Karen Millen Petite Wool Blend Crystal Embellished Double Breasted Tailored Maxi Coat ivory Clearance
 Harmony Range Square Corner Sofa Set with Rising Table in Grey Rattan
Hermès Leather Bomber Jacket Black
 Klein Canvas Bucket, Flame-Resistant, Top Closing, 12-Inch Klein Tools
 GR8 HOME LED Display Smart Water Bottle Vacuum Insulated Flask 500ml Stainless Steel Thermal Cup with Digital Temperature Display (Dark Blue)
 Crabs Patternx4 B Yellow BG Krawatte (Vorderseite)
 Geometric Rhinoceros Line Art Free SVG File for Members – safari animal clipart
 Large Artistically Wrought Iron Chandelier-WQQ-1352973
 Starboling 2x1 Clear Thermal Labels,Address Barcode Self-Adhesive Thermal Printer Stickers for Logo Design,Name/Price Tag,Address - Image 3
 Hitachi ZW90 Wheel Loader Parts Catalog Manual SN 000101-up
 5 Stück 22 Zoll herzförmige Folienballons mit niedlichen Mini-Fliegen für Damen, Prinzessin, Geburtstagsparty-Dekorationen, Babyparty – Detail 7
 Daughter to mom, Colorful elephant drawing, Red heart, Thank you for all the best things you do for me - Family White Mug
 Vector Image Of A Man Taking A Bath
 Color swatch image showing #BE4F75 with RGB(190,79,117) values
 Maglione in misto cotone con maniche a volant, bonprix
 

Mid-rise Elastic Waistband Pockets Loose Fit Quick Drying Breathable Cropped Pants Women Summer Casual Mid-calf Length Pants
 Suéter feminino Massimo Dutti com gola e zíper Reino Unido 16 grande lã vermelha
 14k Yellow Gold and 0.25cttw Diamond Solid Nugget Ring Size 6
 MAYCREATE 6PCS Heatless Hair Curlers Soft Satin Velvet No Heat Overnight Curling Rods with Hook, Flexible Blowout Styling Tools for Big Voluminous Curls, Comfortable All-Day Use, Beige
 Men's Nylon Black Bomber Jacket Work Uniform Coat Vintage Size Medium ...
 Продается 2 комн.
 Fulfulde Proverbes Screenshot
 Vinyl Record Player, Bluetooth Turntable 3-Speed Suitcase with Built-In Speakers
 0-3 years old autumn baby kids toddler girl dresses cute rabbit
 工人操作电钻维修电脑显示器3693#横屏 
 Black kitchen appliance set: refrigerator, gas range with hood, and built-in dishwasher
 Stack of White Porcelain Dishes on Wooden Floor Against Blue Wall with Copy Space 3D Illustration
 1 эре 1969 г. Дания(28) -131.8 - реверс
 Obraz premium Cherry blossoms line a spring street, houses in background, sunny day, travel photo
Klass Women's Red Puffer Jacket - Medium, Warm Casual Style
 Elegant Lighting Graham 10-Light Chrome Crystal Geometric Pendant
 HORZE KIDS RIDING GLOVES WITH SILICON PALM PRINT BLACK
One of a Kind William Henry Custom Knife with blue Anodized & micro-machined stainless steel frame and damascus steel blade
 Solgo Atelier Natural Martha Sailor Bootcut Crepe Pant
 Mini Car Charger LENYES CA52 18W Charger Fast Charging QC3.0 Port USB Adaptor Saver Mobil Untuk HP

◆ Exercise instructions
Where the listing above reaches the line that contains "Daughter to mom, Colorful", start retyping, and finish with the line that contains "Men's Nylon Black"; reproduce those lines exactly and no others.

◆ Task output
 Daughter to mom, Colorful elephant drawing, Red heart, Thank you for all the best things you do for me - Family White Mug
 Vector Image Of A Man Taking A Bath
 Color swatch image showing #BE4F75 with RGB(190,79,117) values
 Maglione in misto cotone con maniche a volant, bonprix
 

Mid-rise Elastic Waistband Pockets Loose Fit Quick Drying Breathable Cropped Pants Women Summer Casual Mid-calf Length Pants
 Suéter feminino Massimo Dutti com gola e zíper Reino Unido 16 grande lã vermelha
 14k Yellow Gold and 0.25cttw Diamond Solid Nugget Ring Size 6
 MAYCREATE 6PCS Heatless Hair Curlers Soft Satin Velvet No Heat Overnight Curling Rods with Hook, Flexible Blowout Styling Tools for Big Voluminous Curls, Comfortable All-Day Use, Beige
 Men's Nylon Black Bomber Jacket Work Uniform Coat Vintage Size Medium ...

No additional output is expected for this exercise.